Plan for S2 statistics, November 2017 to January 2018


You may find these two summary sheets useful:

Revision sheet

“Do and don’t” summary of the course

and these notes

How many marks does Edexcel take off for bad writing in S2?

Week 1 (22-23 November)

What S2 is about. Four questions which we’ll be able to answer once we’ve learned the concepts.

Four questions (pdf)

Practical: biased dice.

What is a random variable? It’s really a function rather than a variable. It describes possible outcomes from an activity and attaches probabilities to them so that the probabilities add up to 1.

Binomial distribution: what it is

When to use it

How to calculate by hand

How to use the Classwiz calculator for it

Ex.1B

Mean and variance

Ex.1E

Answer the first of our “four questions”.


Poisson distribution: what it is

Poisson distribution (ppt)

When to use it

How to calculate by hand

How to use the Classwiz calculator for it

Ex.2C

Mean and variance

Ex.2D, 2E, 2F

Answer the second of our “four questions”.

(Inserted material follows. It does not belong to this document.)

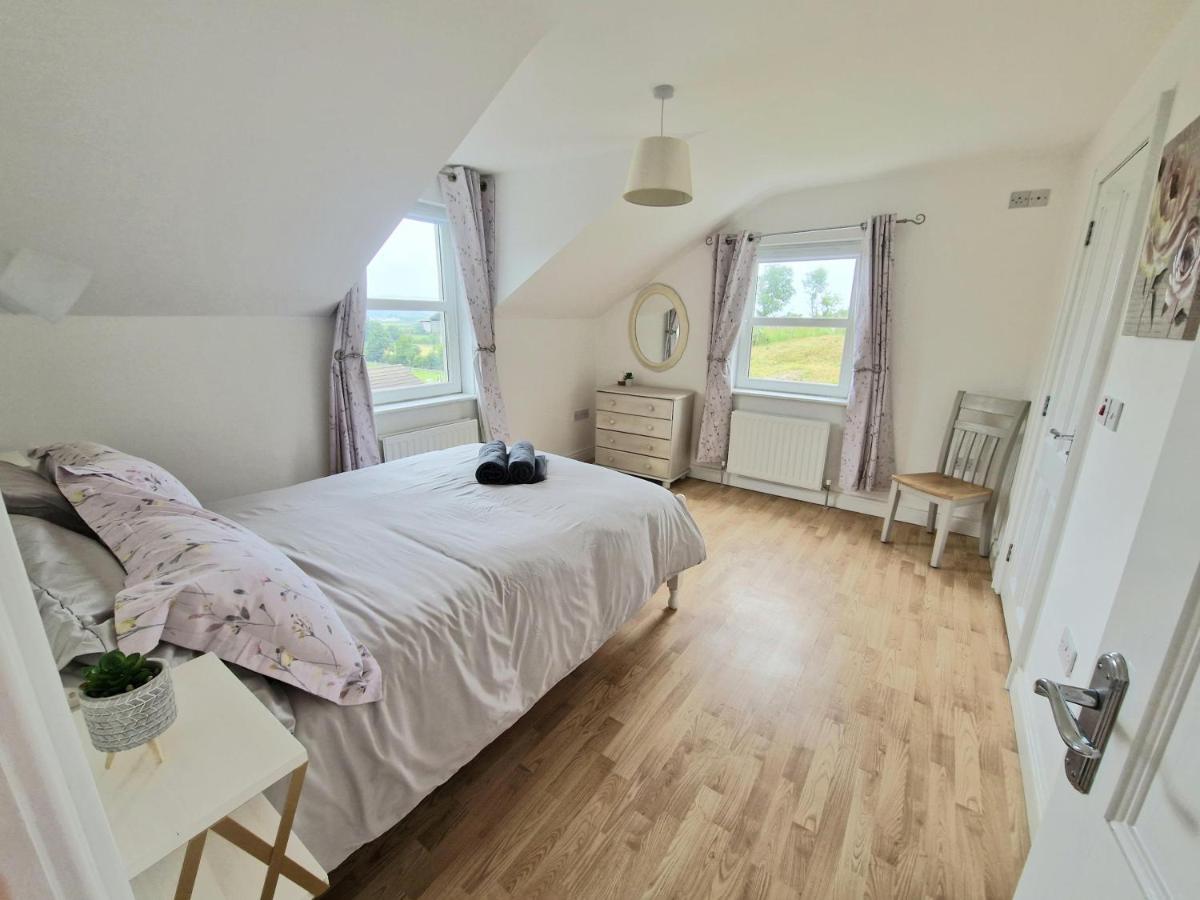 GlenVista Holiday Accommodation - Housity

Click here for example of use of Poisson and binomial distributions


Week 2 (29-30 November)

Normal distribution (ppt)

Normal distribution: what it is

When to use it

How to use the Classwiz calculator for it

Relate to binomial and Poisson (also mention Central Limit Theorem, not on syllabus). The rules of thumb for approximations are not stated in the S2 book, and you’re not expected to know them, but they’re usually taken as:

  • Poisson approx for binomial – n big and p small, meaning roughly n ≥ 20 and p ≤ 0.05, and np < 10
  • Normal approx for binomial – n big and p not too small, meaning roughly np > 5 and nq > 5
  • Normal approx to Poisson – λ large, meaning roughly λ > 10

Continuity corrections: if you use a continuous distribution like the normal distribution as an approximation to calculate probabilities for a discrete variable (like binomial or Poisson), then you should calculate normal-distribution probability for the range of continuous values which would round to the discrete values you’re inquiring about. To find P(Discrete Variable=12), take P(11.5 < Normal Variable < 12.5). To find P(Discrete Variable between 12 and 15), take P(11.5 < Normal Variable < 15.5). To find P(Discrete Variable less than 15), take P(−∞ < Normal Variable < 15.5).

Ex.5C, 5D

Answer the third of our "four questions"


Week 3 (13-14 December)

Continuous uniform distribution: what it is

When to use it

How to calculate it

Mean and variance

Recap and intro to CUD (pdf)
Ditto (odt)
and answers to ditto

Continuous Uniform Distribution questions

Which distribution? My own worksheets (below) and Ex.4C Q.5, 6, 9

Which distribution? (pdf)

Which distribution? (ppt)


Week 4 (20-21 December)

Sampling: terminology (which is really all chapter 6 is)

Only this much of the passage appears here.